Sen. J.D. Vance Warns Colleagues: Weapons Sent to Ukraine Were Not Adequately Tracked

155 mm shells
Alex Brandon, File/AP

Sen. J.D. Vance (R-OH) has circulated a memo to Republican colleagues in advance of a closed-door meeting on Ukraine aid warning that nearly 60 percent of the $1.699 billions in weapons with sensitive technology that were given to Ukraine were not tracked, according to a recent Pentagon watchdog report.

The memo’s “Bottom line” said:

Claims of radical transparency and tracking of U.S. weapons in Ukraine are simply not accurate. Assertions that that ‘there is no evidence of illicit transfer of [enhanced end-use monitoring] defense articles provided to Ukraine’ sidestep the reality that an accurate, up-to-date inventory of U.S.-supplied weapons in Ukraine — which the DOD [inspector general] report demonstrates that the U.S. does not have — is necessary to determine whether weapons have fallen into the wrong hands.

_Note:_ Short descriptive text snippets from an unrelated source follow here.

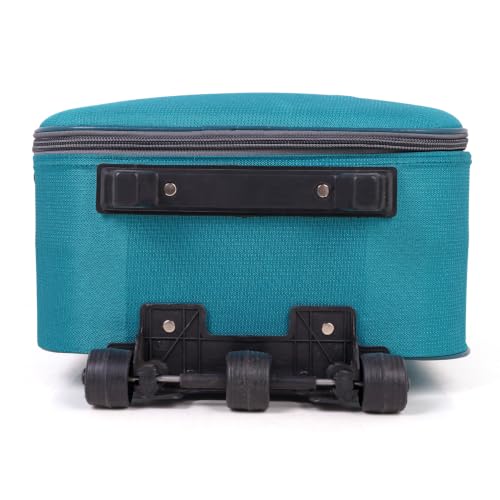 Image of Trolley Bag 20 Inch Cabin Size | Soft Shell Travel Suitcase with Reinforced Stitching Lightweight Fabric Luggage for Flight Cabin | Turqoise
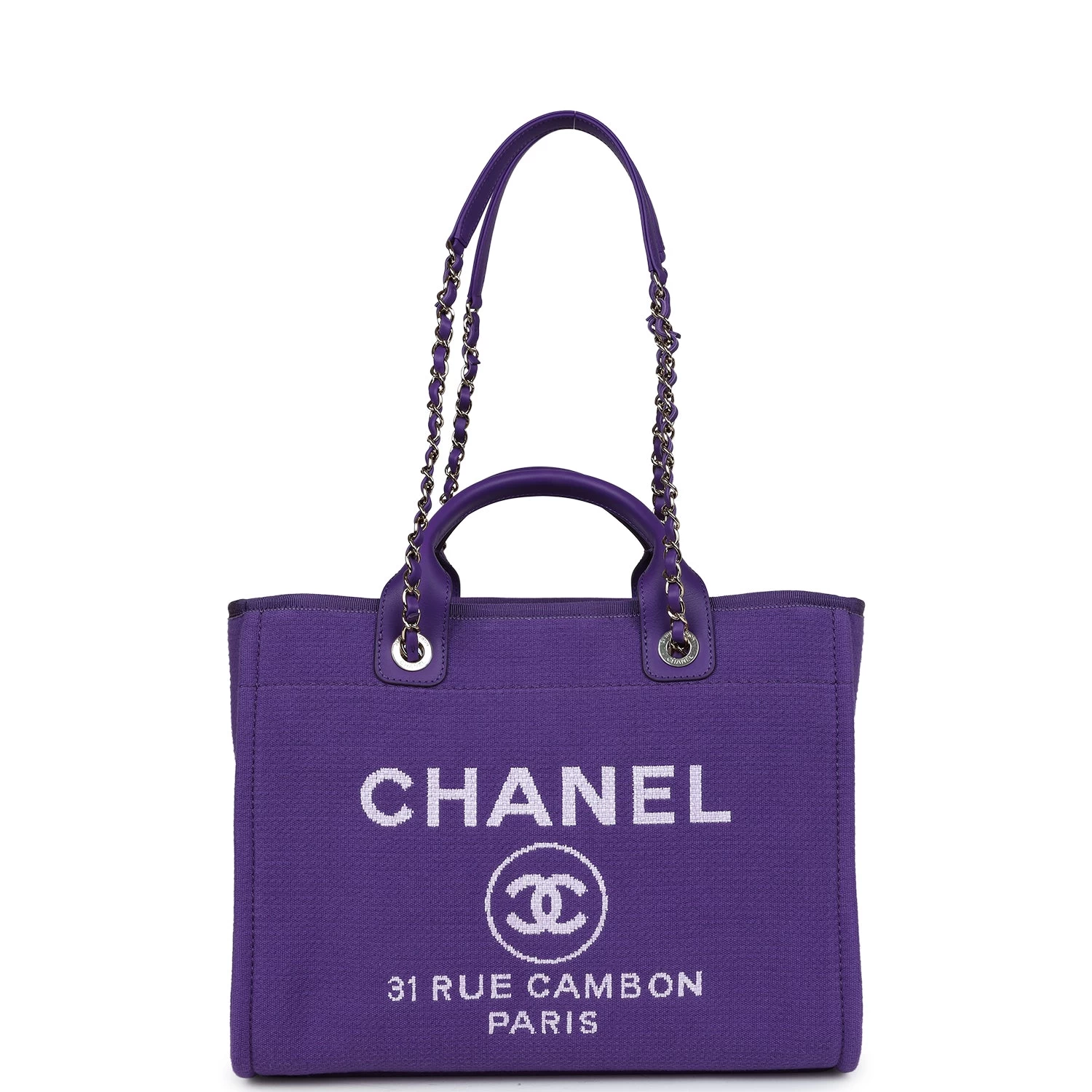 Chanel Small Deauville Shopping Bag Purple Canvas Gold Hardware 3 Chanel Small Deauville Shopping Bag Purple Canvas Gold Hardware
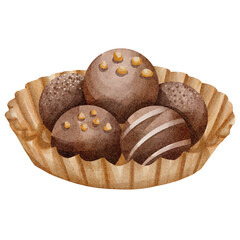 watercolor Chocolate Truffle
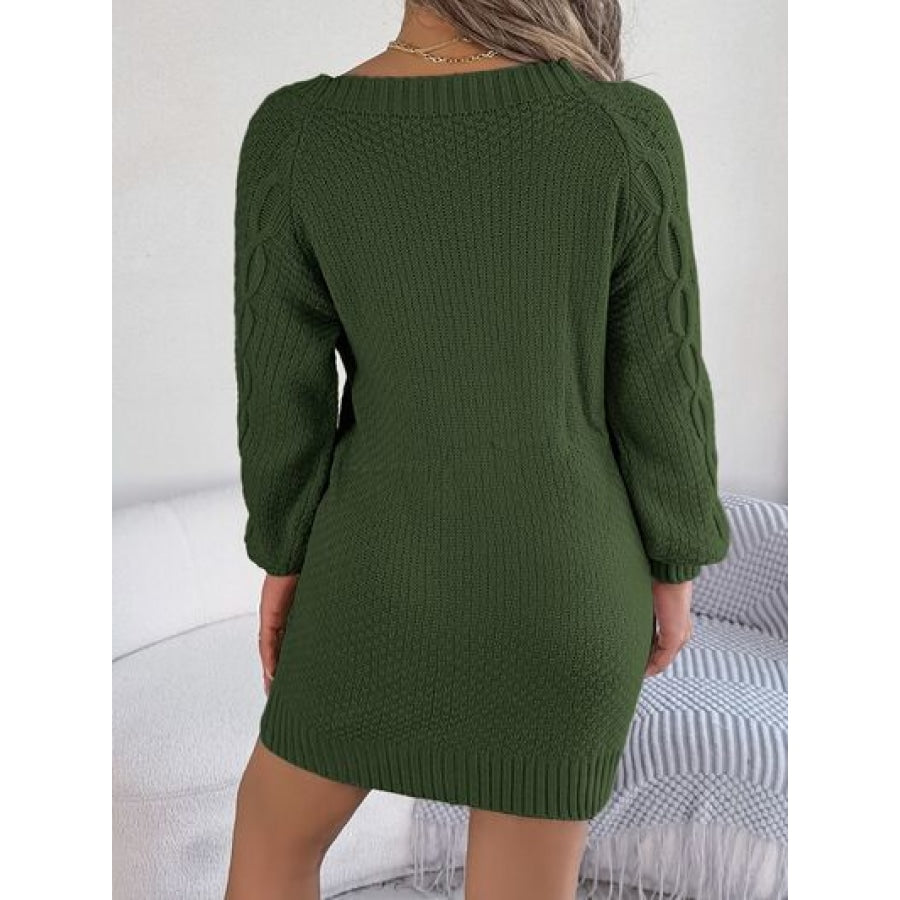 Cable-Knit Round Neck Sweater Dress Apparel and Accessories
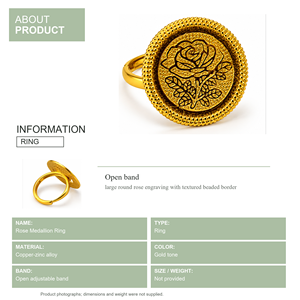 Anillo de Cóctel Chapado en Oro de 24K con Patrón de Flores, Joyería Clásica Unisex de Latón - Product Image 2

The DOD IG found that while revised inventory processes have ‘contributed to an improved delinquency rate,’ ‘significant personnel limitations and accountability challenges remain.’

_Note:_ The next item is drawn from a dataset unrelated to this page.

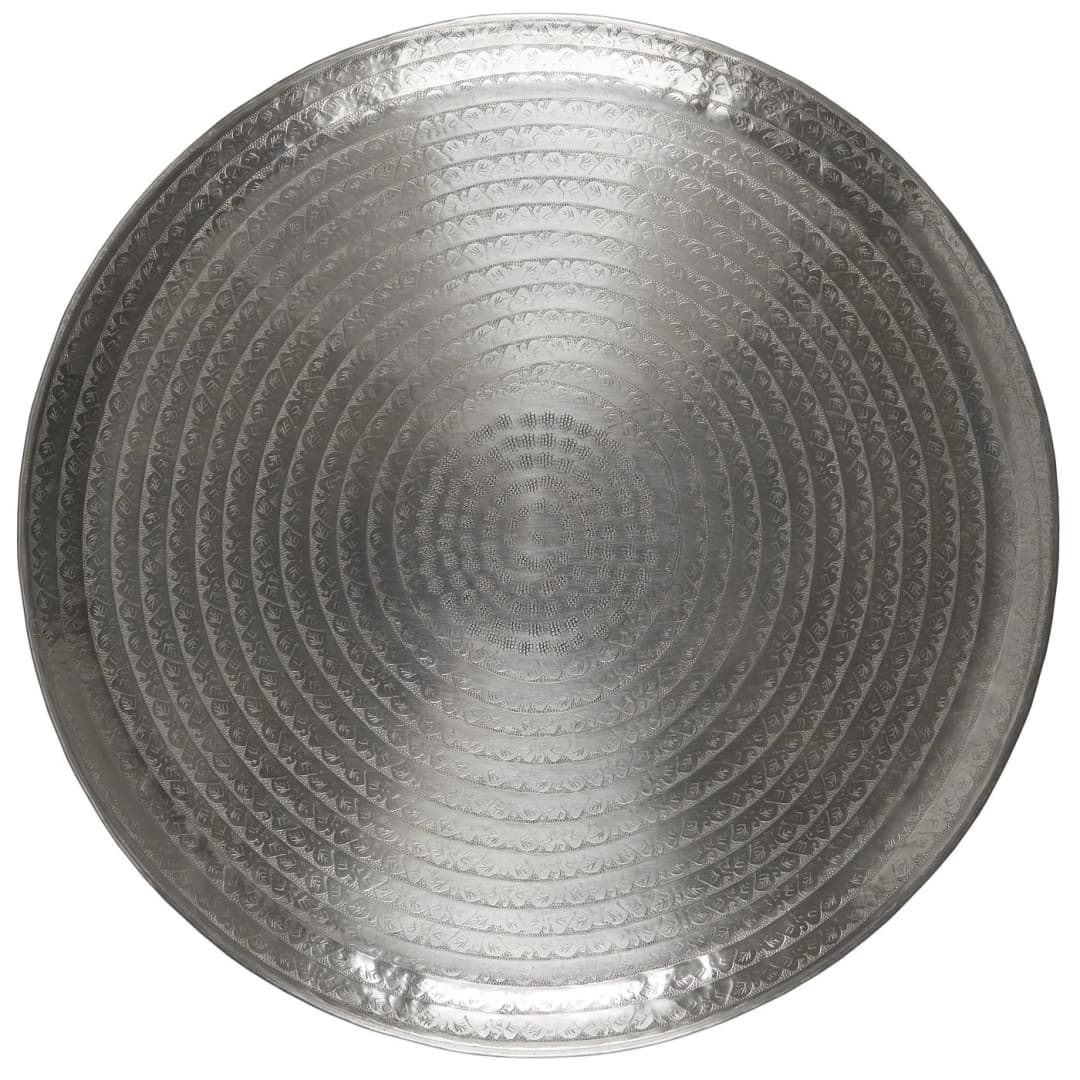 Bandeja Antique Plateada Diam 56 cm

While the Pentagon has long-insisted there is “no evidence” of widespread diversion of military equipment given to Ukraine, Vance’s memo noted that the Pentagon IG report found that U.S. personnel on the ground could not keep up with the “volume of weapons streaming into Ukraine and failed to keep an accurate, timely record of them.”

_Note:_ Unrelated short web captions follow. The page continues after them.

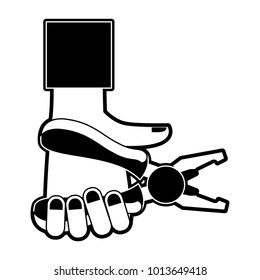Hand holding plier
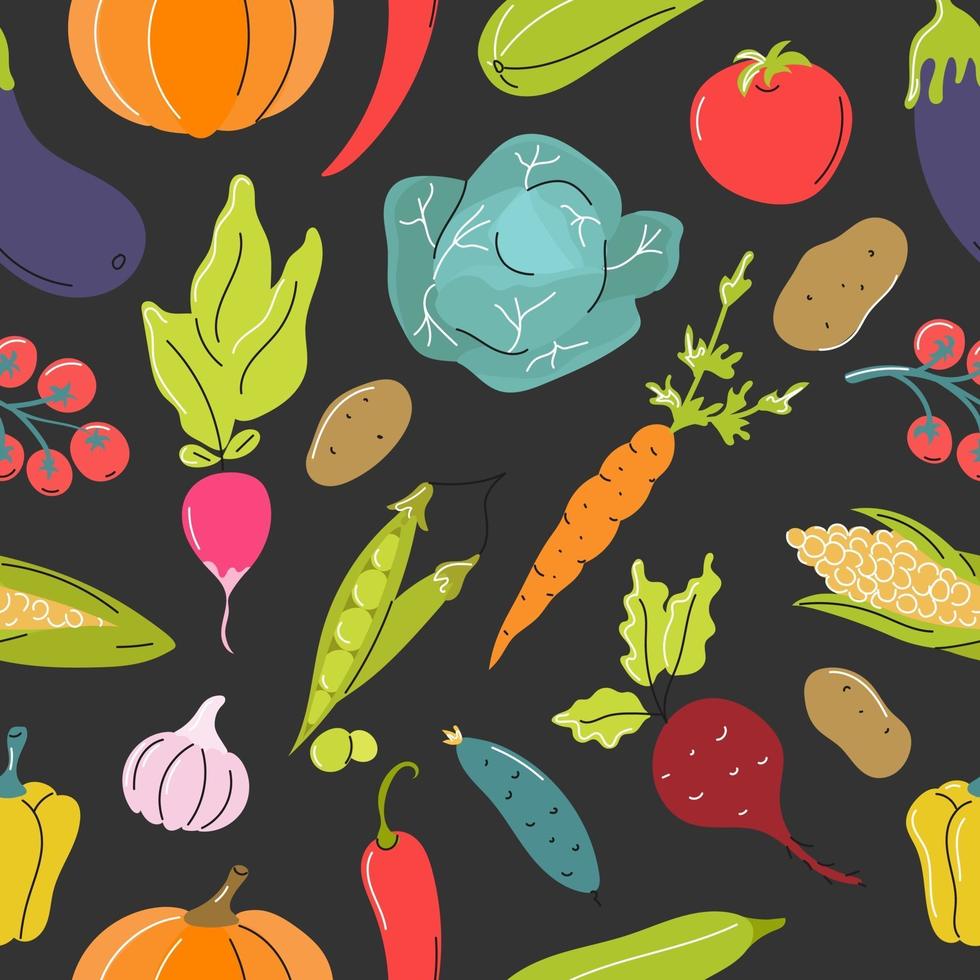 verdure crude, cavoli, carote, pomodori, barbabietole su uno sfondo grigio scuro. Vector seamless pattern in stile piatto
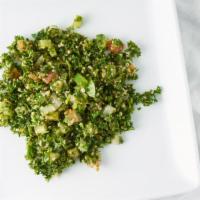 Tabbouleh · Bulgur wheat, tomatoes, cucumbers, parsley, onion, mint, lemon juice, olive oil.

The report said it was only in September 2022 — more than six months after Russia’s invasion that February — that a less fallible barcode scanner system was finally introduced.

The EEUM items given to Ukraine represent only a small portion of the more than $23.6 billion in U.S. weapons given to Ukraine.

In total, Congress has approved more than $113 billion for Ukraine since the conflict with Russia began, with about $45 billion of that in security aid, and the rest in economic and humanitarian aid.

The Pentagon claims it has now run out of authorized funds for Ukraine. It last released a $250 million security assistance package on December 27, which included 155 mm rounds, Stinger anti-aircraft missiles and other high-demand items drawn from existing U.S. stockpiles. However, an additional $1.7 billion has been provided by the State Department in the form of foreign military financing.

The Biden administration is seeking to send $61 billion more in aid to Ukraine as part of a $110 billion security package that has been hung up in deliberations in the Senate since last year. The package would also fund aid to Israel, as well as include money for border security, but Republicans say more needs to be done and spent on the border.